(ASSIGNED TASK)
Once the line containing "MillionPodcasts show profile" is found in the records below, return it and each following line exactly, up to and including the line containing "浮球液位計等液位檢測儀表在聯合站應用適應性狀況分析", and nothing else.

(DATASET EXTRACT)
○ ○ ○ ○ ○ ○ ○
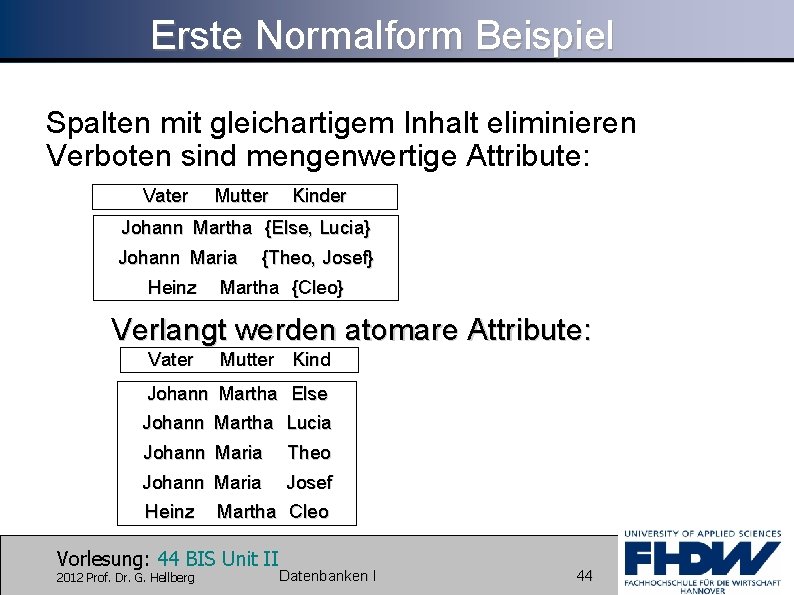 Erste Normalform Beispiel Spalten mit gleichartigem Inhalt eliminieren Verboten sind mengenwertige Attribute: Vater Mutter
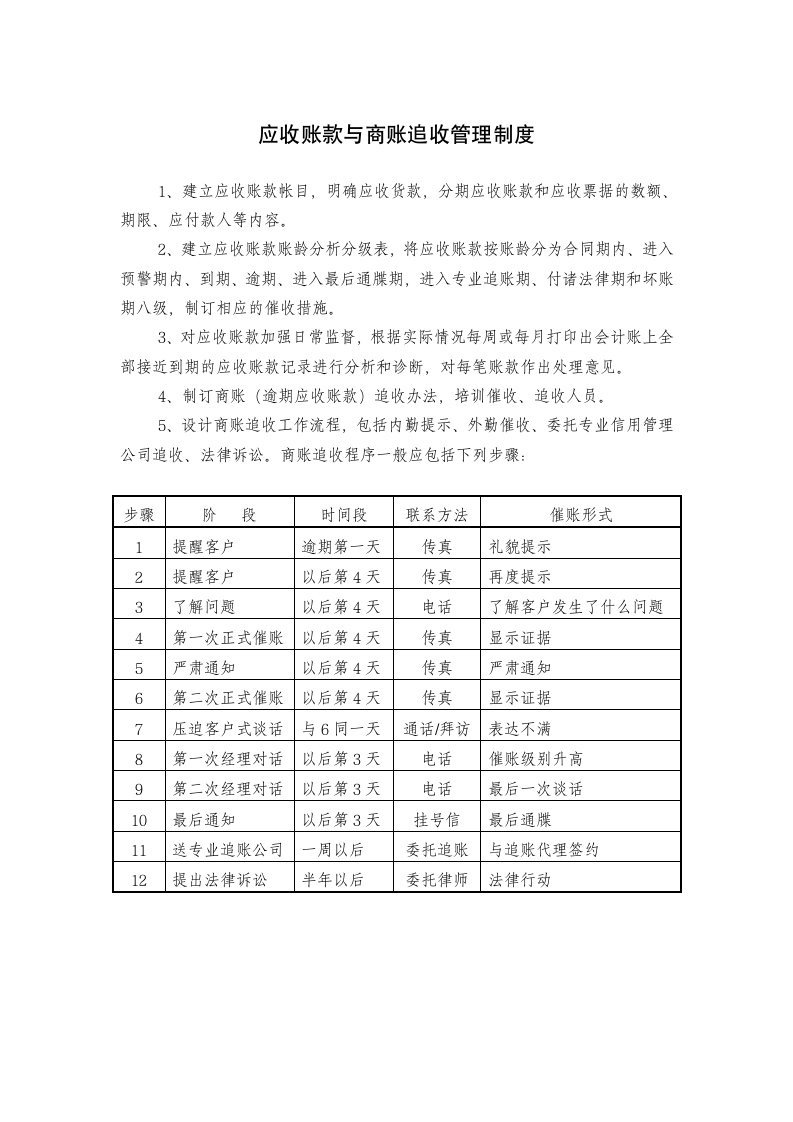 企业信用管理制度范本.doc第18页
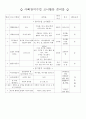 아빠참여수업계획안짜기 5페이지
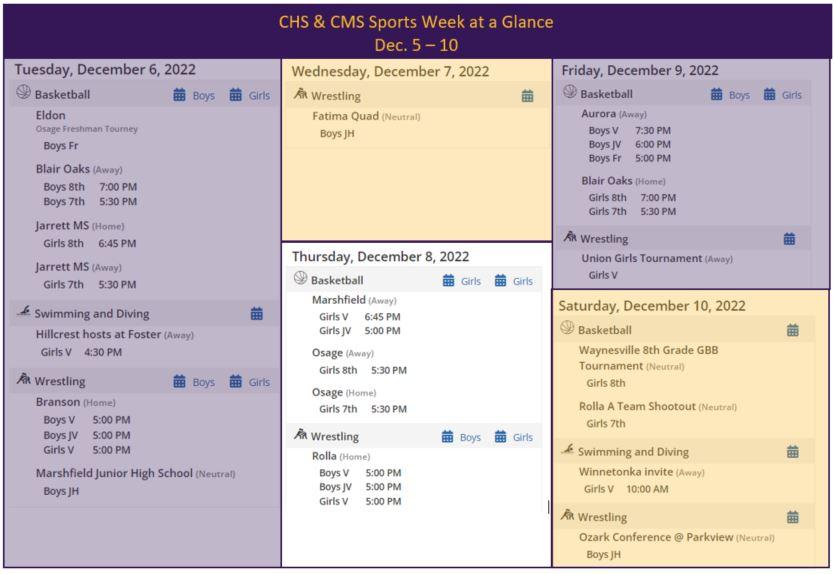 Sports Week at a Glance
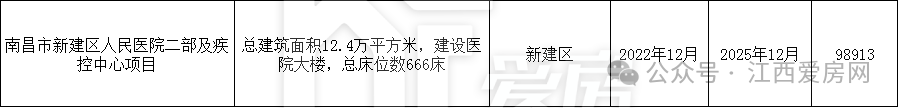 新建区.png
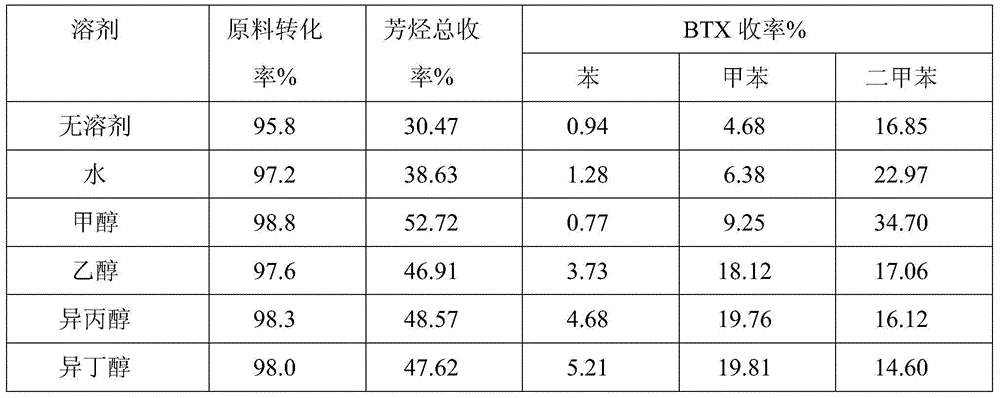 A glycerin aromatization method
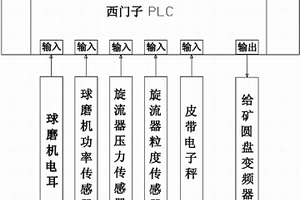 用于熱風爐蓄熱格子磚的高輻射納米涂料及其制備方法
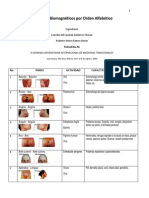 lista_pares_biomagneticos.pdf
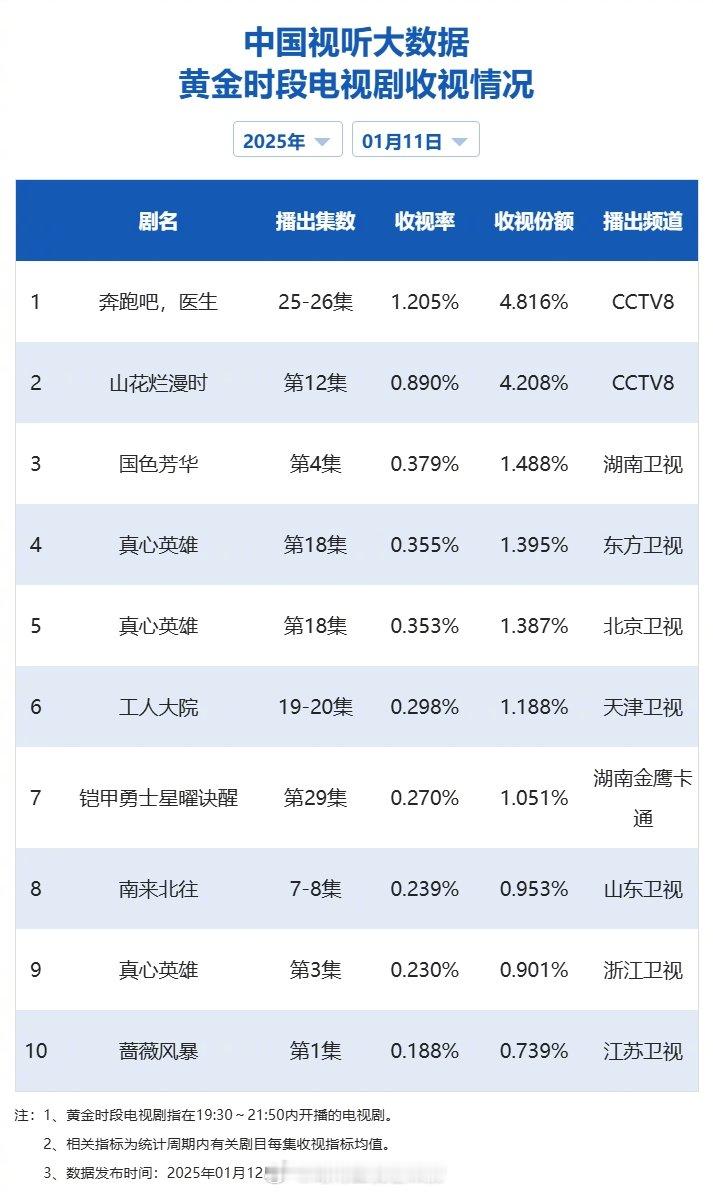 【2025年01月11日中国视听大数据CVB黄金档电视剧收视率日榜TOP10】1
○ ○ ○ ○ ○ ○ ○
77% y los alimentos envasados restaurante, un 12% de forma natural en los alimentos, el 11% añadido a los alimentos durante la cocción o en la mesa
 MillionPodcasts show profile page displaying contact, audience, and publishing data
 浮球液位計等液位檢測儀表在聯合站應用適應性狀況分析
○ ○ ○ ○ ○ ○ ○
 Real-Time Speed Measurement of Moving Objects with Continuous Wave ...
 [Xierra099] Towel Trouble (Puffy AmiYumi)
○ ○ ○ ○ ○ ○ ○
(RESULT FOR THIS EXERCISE)
 MillionPodcasts show profile page displaying contact, audience, and publishing data
 浮球液位計等液位檢測儀表在聯合站應用適應性狀況分析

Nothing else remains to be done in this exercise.